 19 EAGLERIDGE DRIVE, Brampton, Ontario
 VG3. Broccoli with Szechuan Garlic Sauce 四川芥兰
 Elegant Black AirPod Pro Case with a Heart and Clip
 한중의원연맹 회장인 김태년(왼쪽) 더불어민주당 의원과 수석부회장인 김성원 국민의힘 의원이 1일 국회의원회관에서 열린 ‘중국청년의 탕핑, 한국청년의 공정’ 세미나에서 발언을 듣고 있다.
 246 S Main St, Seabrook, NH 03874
---
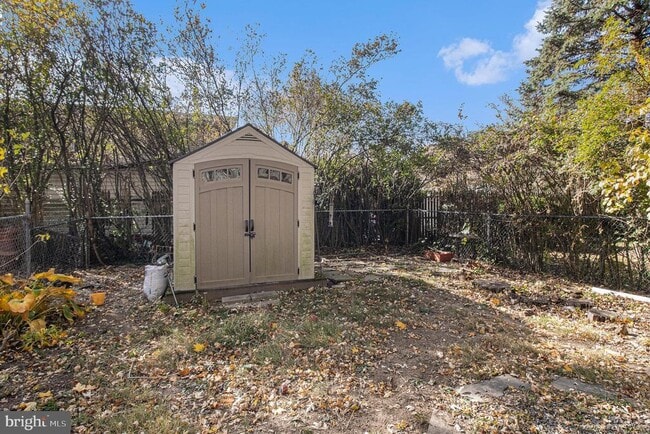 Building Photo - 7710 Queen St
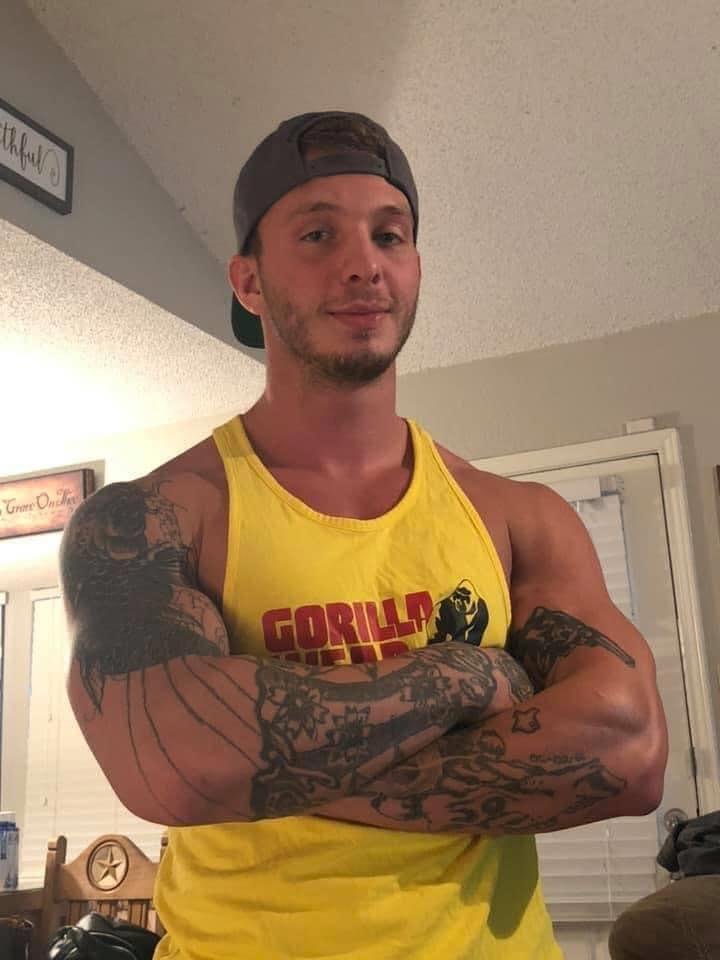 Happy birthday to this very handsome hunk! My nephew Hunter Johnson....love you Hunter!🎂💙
---
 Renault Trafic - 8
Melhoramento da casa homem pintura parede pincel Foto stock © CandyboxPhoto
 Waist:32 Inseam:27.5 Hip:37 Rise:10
---
EXERCISE
Would you copy, unchanged, the stretch of the records above that begins at the line containing "19 EAGLERIDGE DRIVE, Brampton, Ontario" and ends at the line containing "246 S Main St, Seabrook, NH 03874", and only that?

SOLUTION FOR THIS EXERCISE
 19 EAGLERIDGE DRIVE, Brampton, Ontario
 VG3. Broccoli with Szechuan Garlic Sauce 四川芥兰
 Elegant Black AirPod Pro Case with a Heart and Clip
 한중의원연맹 회장인 김태년(왼쪽) 더불어민주당 의원과 수석부회장인 김성원 국민의힘 의원이 1일 국회의원회관에서 열린 ‘중국청년의 탕핑, 한국청년의 공정’ 세미나에서 발언을 듣고 있다.
 246 S Main St, Seabrook, NH 03874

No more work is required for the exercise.